A new report reveals that the number of deaths of children under 5 worldwide has significantly dropped in the past 10 years.
New figures showing a substantial decline in the global number of children who die before their fifth birthday demonstrates the success of renewed efforts by humanitarian organizations and governments to improve child health.

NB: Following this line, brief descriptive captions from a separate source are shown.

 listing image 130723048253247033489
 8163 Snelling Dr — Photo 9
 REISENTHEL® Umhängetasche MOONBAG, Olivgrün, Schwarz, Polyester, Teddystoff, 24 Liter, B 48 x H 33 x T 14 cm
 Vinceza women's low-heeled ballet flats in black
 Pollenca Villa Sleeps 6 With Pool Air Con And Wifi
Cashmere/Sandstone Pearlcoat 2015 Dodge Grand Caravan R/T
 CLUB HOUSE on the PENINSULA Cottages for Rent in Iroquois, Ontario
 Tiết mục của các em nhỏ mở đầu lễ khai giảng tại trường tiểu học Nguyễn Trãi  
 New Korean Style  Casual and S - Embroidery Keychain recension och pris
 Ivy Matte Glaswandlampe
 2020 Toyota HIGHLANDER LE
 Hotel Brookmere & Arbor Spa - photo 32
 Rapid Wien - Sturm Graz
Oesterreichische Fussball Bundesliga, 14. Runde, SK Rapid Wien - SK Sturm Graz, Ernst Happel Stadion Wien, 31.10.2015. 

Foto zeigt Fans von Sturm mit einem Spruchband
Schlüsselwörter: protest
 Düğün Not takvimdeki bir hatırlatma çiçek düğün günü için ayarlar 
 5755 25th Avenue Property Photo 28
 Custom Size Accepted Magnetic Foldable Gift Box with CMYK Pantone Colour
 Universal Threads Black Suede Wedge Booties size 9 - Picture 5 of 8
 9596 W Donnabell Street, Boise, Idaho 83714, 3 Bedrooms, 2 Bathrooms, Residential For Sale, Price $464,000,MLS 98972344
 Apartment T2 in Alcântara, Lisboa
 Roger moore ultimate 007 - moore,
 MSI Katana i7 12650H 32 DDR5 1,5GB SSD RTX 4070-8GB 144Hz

Robert Zachritz, World Vision’s senior director of advocacy and government relations, says the focused health assistance is working.
“Those who say money spent on aid is going down a rat hole are wrong,” he says.
Last week, UNICEF and the World Health Organization released the “Levels & Trends in Child Mortality” (pdf) report, which says that the number of deaths of children under 5 worldwide has declined from more than 12 million in 1990 to 7.6 million in 2010.
Zachritz says the decline in child deaths is especially remarkable when considering that the world’s population continues to rise. Even though there are more children than ever before, the number who die early continues to drop.
He also notes that the decline in deaths vindicates initiatives such as World Vision’s Child Health Now campaign, with its emphasis on child nutrition, maternal health, and the prevention and treatment of common childhood infections.
Zachritz adds that many of the programs the campaign promotes are extremely cost-effective. Many vaccines cost just a few pennies for each dose, and an insecticidal-treated bed net to protect a child against malaria can be purchased for less than $20.
The Child Health Now campaign was launched in 2009 and commits World Vision to spend $1.5 billion over the next five years to help end preventable child deaths.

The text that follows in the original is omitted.